WORK TO COMPLETE: The whole listing, pictures aside, should be reproduced exactly.

DATA BELOW:
○ ○ ○ ○ ○

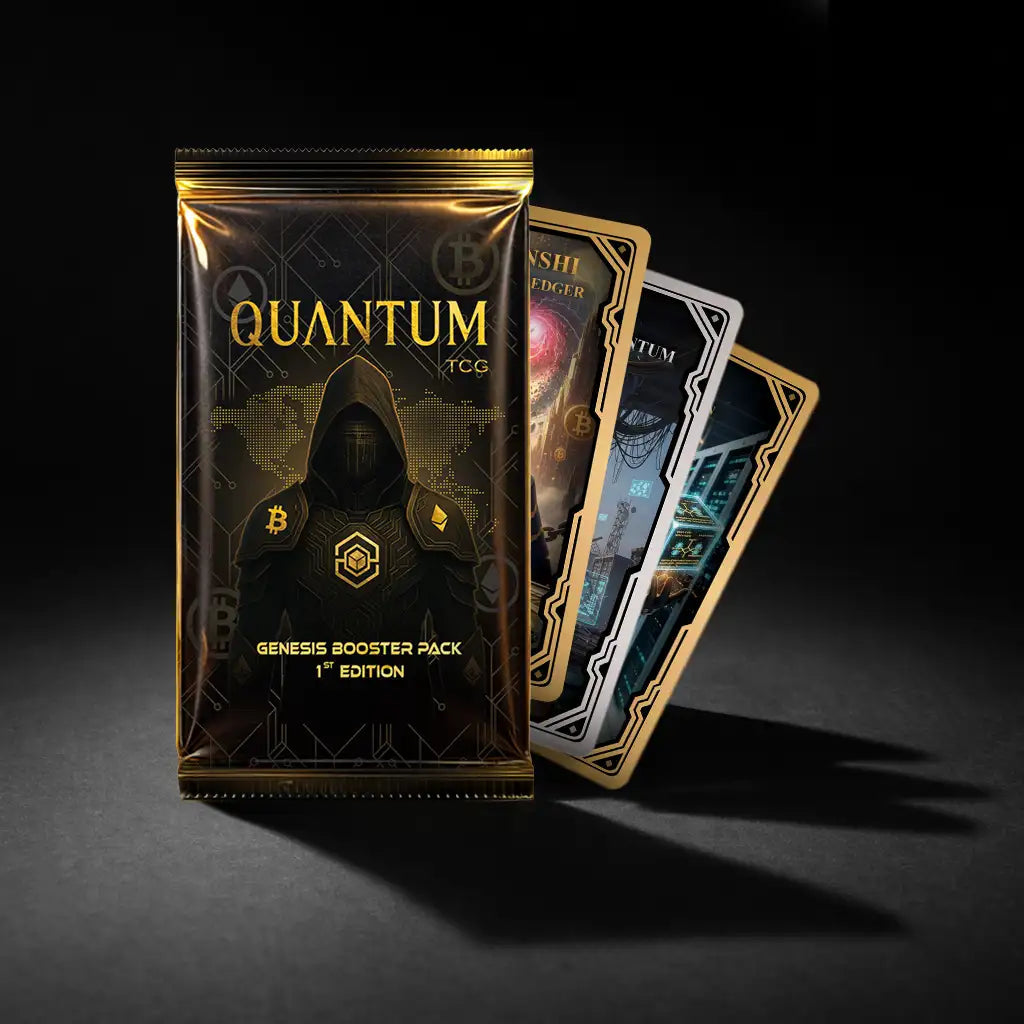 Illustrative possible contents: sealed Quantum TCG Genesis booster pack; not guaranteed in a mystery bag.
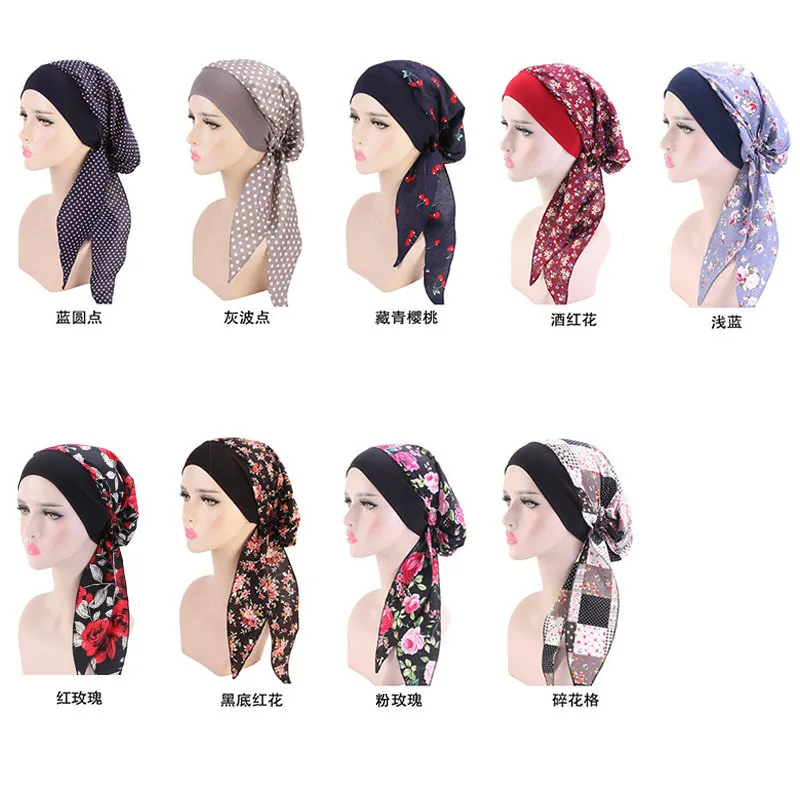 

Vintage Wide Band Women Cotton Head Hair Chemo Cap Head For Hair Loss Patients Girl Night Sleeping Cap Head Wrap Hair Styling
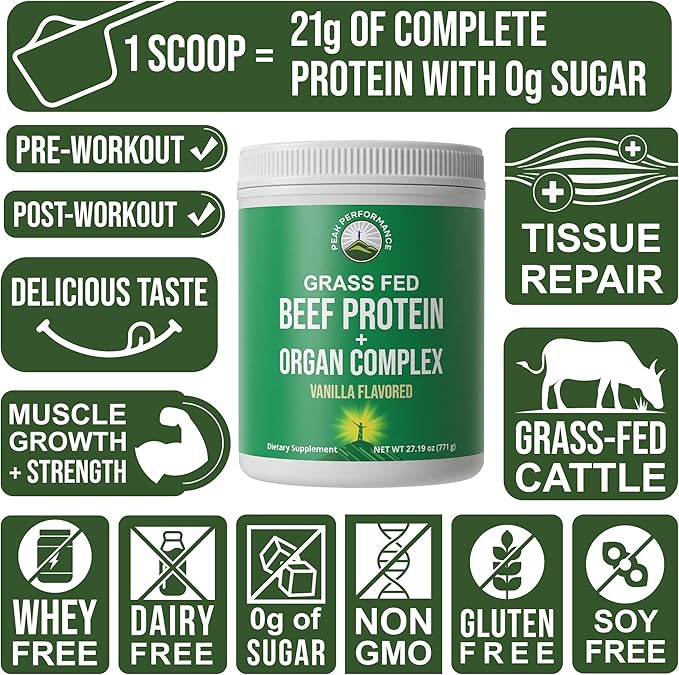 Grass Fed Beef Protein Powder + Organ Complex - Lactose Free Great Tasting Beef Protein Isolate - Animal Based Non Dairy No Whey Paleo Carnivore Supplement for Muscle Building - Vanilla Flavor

○ ○ ○ ○ ○

RESPONSE TO THE EXERCISE:
 Illustrative possible contents: sealed Quantum TCG Genesis booster pack; not guaranteed in a mystery bag.

Vintage Wide Band Women Cotton Head Hair Chemo Cap Head For Hair Loss Patients Girl Night Sleeping Cap Head Wrap Hair Styling
 Grass Fed Beef Protein Powder + Organ Complex - Lactose Free Great Tasting Beef Protein Isolate - Animal Based Non Dairy No Whey Paleo Carnivore Supplement for Muscle Building - Vanilla Flavor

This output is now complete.